Exercise aim = What is needed is a word-for-word copy of the lines below from the one with "324 High School Ave, Hurricane, WV 25526" through the one with "气质女生邱璐璠清透写真大片以及精选美图", both included, with every picture left out.

Information shown =

"""

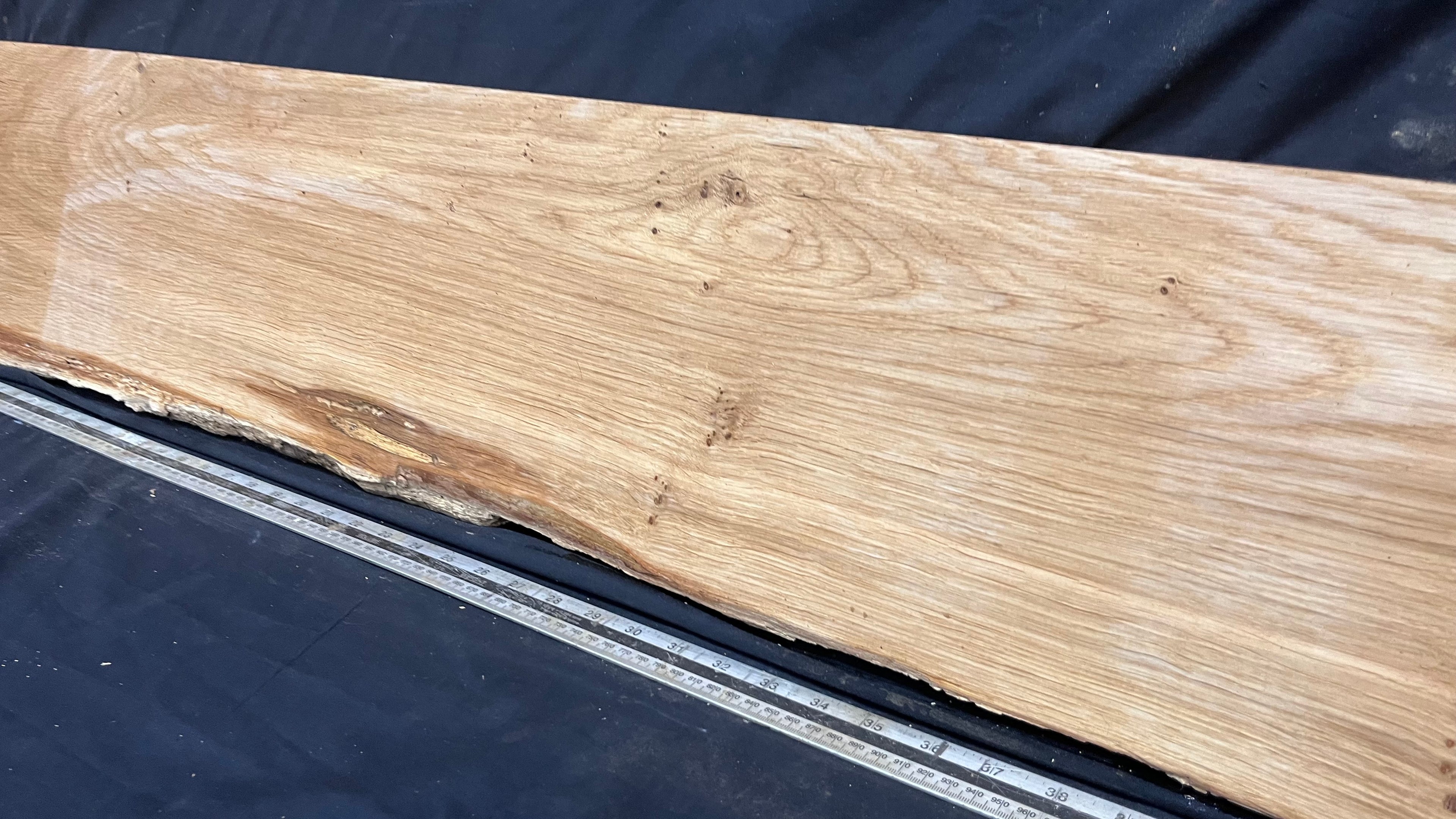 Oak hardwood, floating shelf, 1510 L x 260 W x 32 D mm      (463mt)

"""
"""

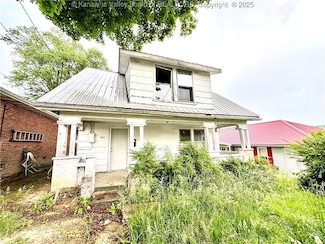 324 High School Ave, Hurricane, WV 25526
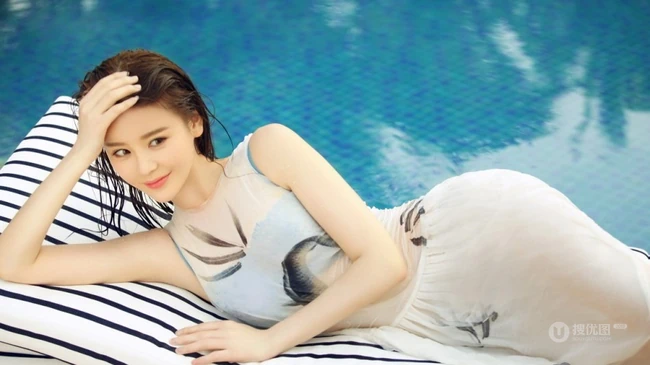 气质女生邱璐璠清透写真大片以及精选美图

"""
"""

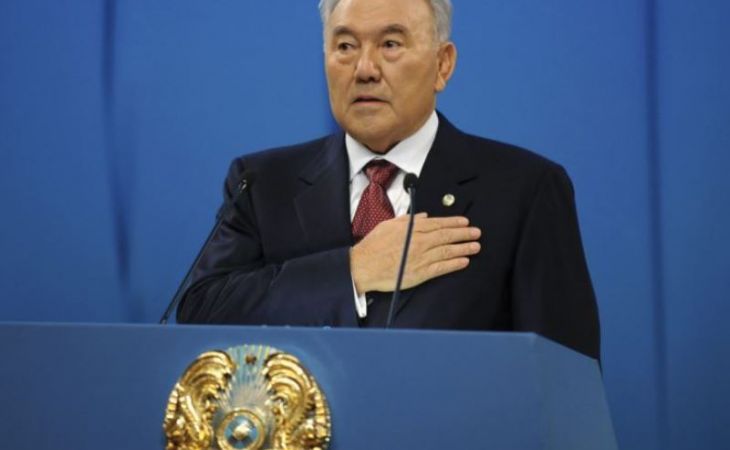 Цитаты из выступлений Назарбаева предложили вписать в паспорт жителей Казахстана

"""

Exercise answer =
 324 High School Ave, Hurricane, WV 25526
 气质女生邱璐璠清透写真大片以及精选美图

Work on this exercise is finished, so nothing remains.